In time we swam away from the coral gardens and descended to the drop off. I can still recall that feeling of excitement and also intimidation at seeing the sandy bottom suddenly drop away into darkness. What exactly would be down there? We hovered for a while as we searched for passing sharks in the deep blue but there were none to be seen and we soon returned to the corals. We could monitor our depth more easily than in the deep, blue nothing of the open ocean.
Our dive came to an end all too quickly once we had returned to the mooring line and we ascended for our 5m safety stop. I was a little sea sick by that point and Nicholas began doing underwater charades, which seemed a great way to pass the time of our safety stop and distract me. I quickly understood his mime for Jaws and his second mime for a bouquet of flowers. I nodded silently at him whilst wondering why on earth he would be miming flowers….and then he produced a ring from his rash vest sleeve.

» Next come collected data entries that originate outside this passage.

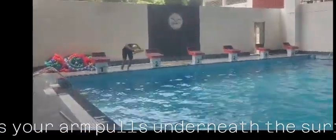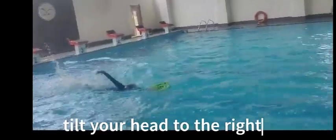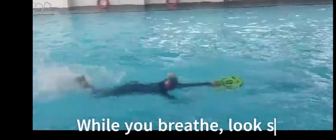Today I am going to explain how to take a side breath. Your half face should be inside the water — your one eye should be inside the water and the other eye should be outside.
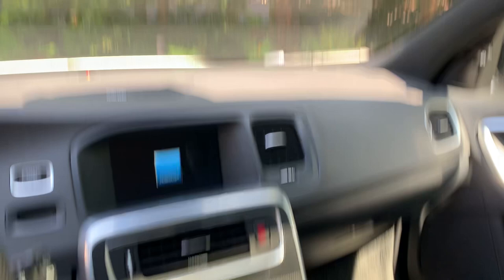Got the nice slim-profile mirror. The sunroof works great and it does the extra click for the full open.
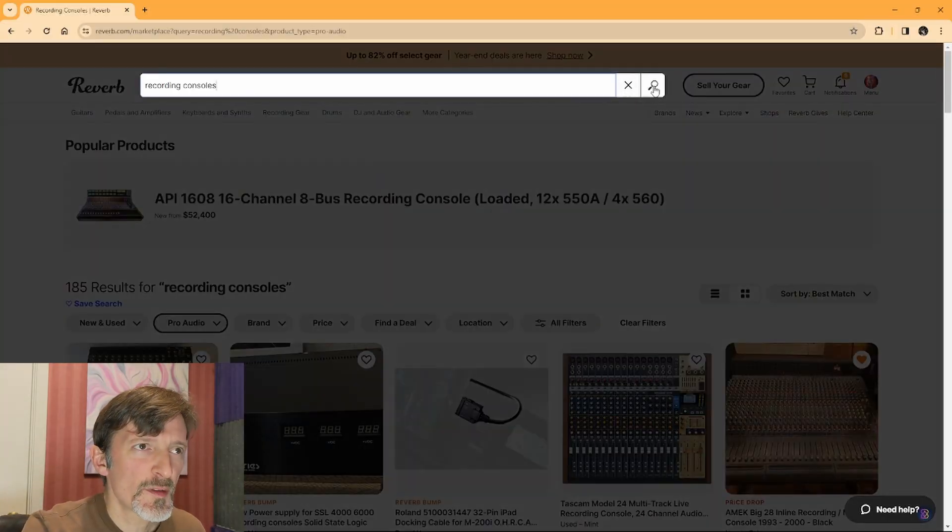Today, I thought I'd focus on mixing consoles, since that's one of the main things that this channel is known for already. In the future, I may do some other shopping videos, so if you like that kind of content, go ahead and like this video and leave a comment. Okay, I'm going to start with the search term 'recording consoles' and see what we get.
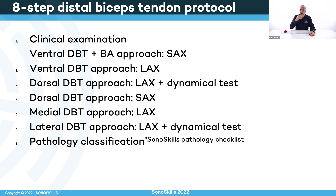Sonoskills saw among the thousands of people we trained that there is difficulty understanding the biceps. So we came up with this eight-step protocol. It's about clinical examination and looking at several angles to the distal biceps tendon — a ventral angle, a dorsal angle, a medial approach, and a lateral approach. Then in the end there is a pathology classification using the Sonoskills pathology checklist, along with a classification system that helps you understand the degree or severity of pathology to guide clinical decision-making.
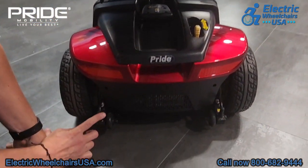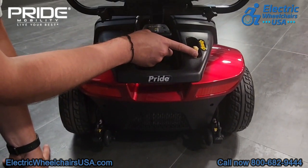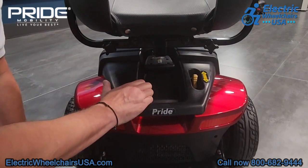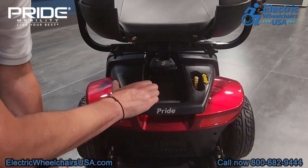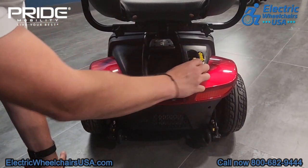These are your anti-tip wheels for added safety. This yellow lever is your freewheel lever. If you run out of battery, just press it forward — that puts the scooter into a neutral position so you can push the scooter. You can't operate it when it's in freewheel mode. In order to operate it, you have to press the lever back down, which puts it into drive.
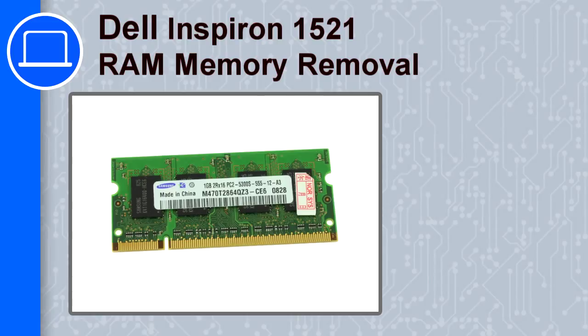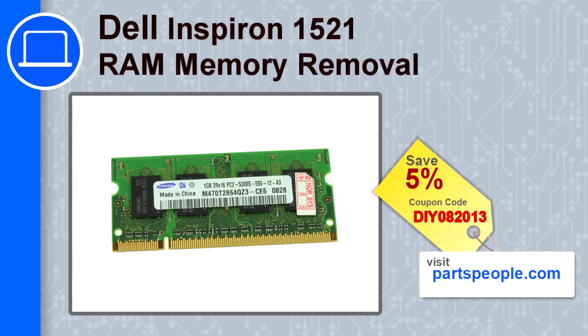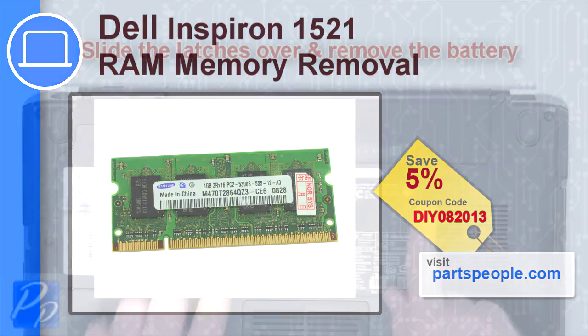How's it going? This is Ricardo and in this video I'm going to show you how to remove the memory from a Dell Inspiron 1521. If you're looking for parts for this laptop, go to our website and use this coupon for a 5% off discount.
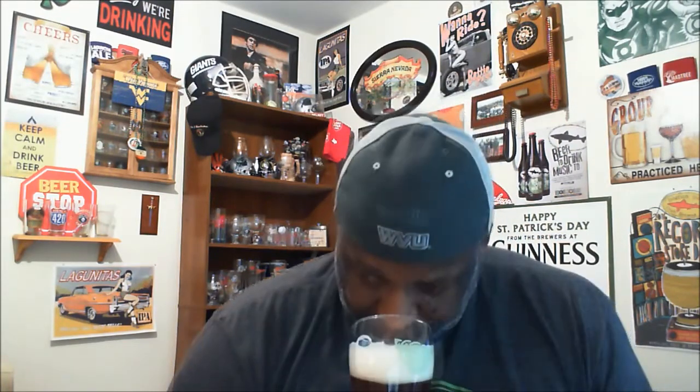It's got a malty aroma — definitely getting a lot of sweetness coming off the malts, not getting too much of the hops. Usually with Lagunitas beers you pick up the hoppiness and some of that dankness, but on this one it's a little more hidden. At 35 IBU you'd expect it to be more malt-forward, and it is, though the hops don't come out as strong as some of their other beers.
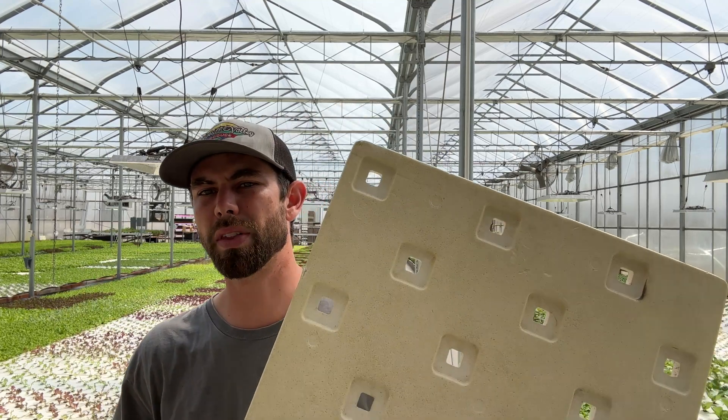What spacing do you use for cut-and-come-again crops like arugula, parsley, or cilantro? We actually don't do those cut-and-come-again. The only ones we do cut-and-come-again are chives and mint. But same thing — all the herbs we grow on the 36-hole raft with the five and five-eighths spacing.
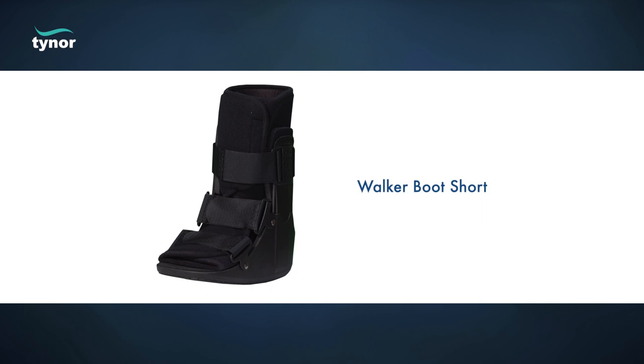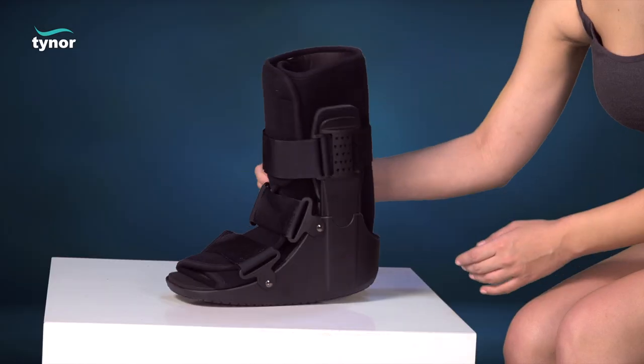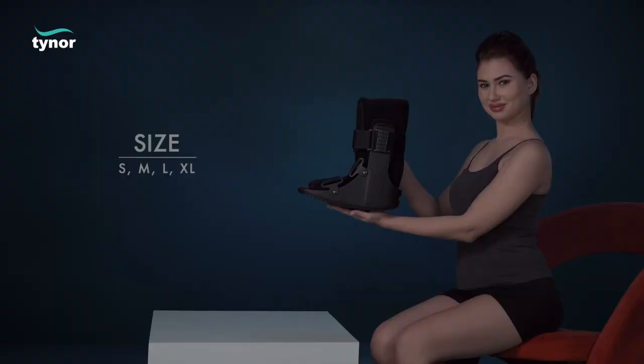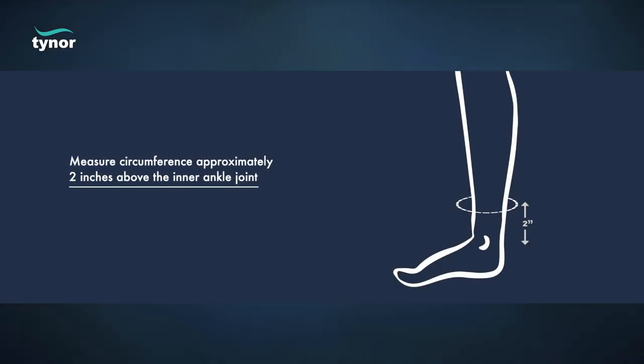Here we will discuss how to measure the size and how to wear the walker boot short. The walker boot short is available in these sizes. Measure circumference approximately two inches above the inner ankle joint.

The world seemed to slow down as I realised Nicholas had ‘got down on one knee’ by bending and wrapping one leg around the mooring line. He was in fact proposing and what was my response? Shocked laughter and a smile so big that my mask flooded and I nearly spat my regulator out. I just couldn’t believe it was happening and, as I laughed heartily and happily, my mask kept on flooding and poor Nicholas was suspended there holding a ring and wondering if I would ever regain enough control of myself to say yes. Thankfully I managed some furious nodding whilst I held my mask and regulator in place and Nicholas placed a beautiful ring with an engraved shark upon it on my finger. I immediately signalled to ascend (there was only so long I could be quiet when being proposed to) and, the moment we surfaced, I opened my mouth to speak and swallowed a giant lungful of water. It was a truly magical proposal and we ended our dive as fiancés.
We celebrated on the boat with a hot cup of Milo during our surface interval and then went for a second dive. I would like to say I recall that dive but I don’t. I was so preoccupied with staring at my ring and holding my fiancé’s hand that I seemed to miss the wreck next to us, paid no attention to the fish life and flooded my mask frequently whilst smiling. I was in my own world of diver bliss, having found my dive buddy for life, and it was wonderful. I had also figured out why Nicholas had been nervous that morning when we missed the bus.
Needless to say, I would highly recommend diving in the Cook Islands (engagement aside) and it was a very special day for us. We celebrated our engagement with champagne, a stunning sunset over the ocean and some star gazing from the beach. It was a perfect end to our time in the Cook Islands and I hope to return there as husband and wife in the not too distant future. For now though, it is onwards we go to six months in New Zealand and approximately 40 – 50 shark conservation events with Friends for Sharks.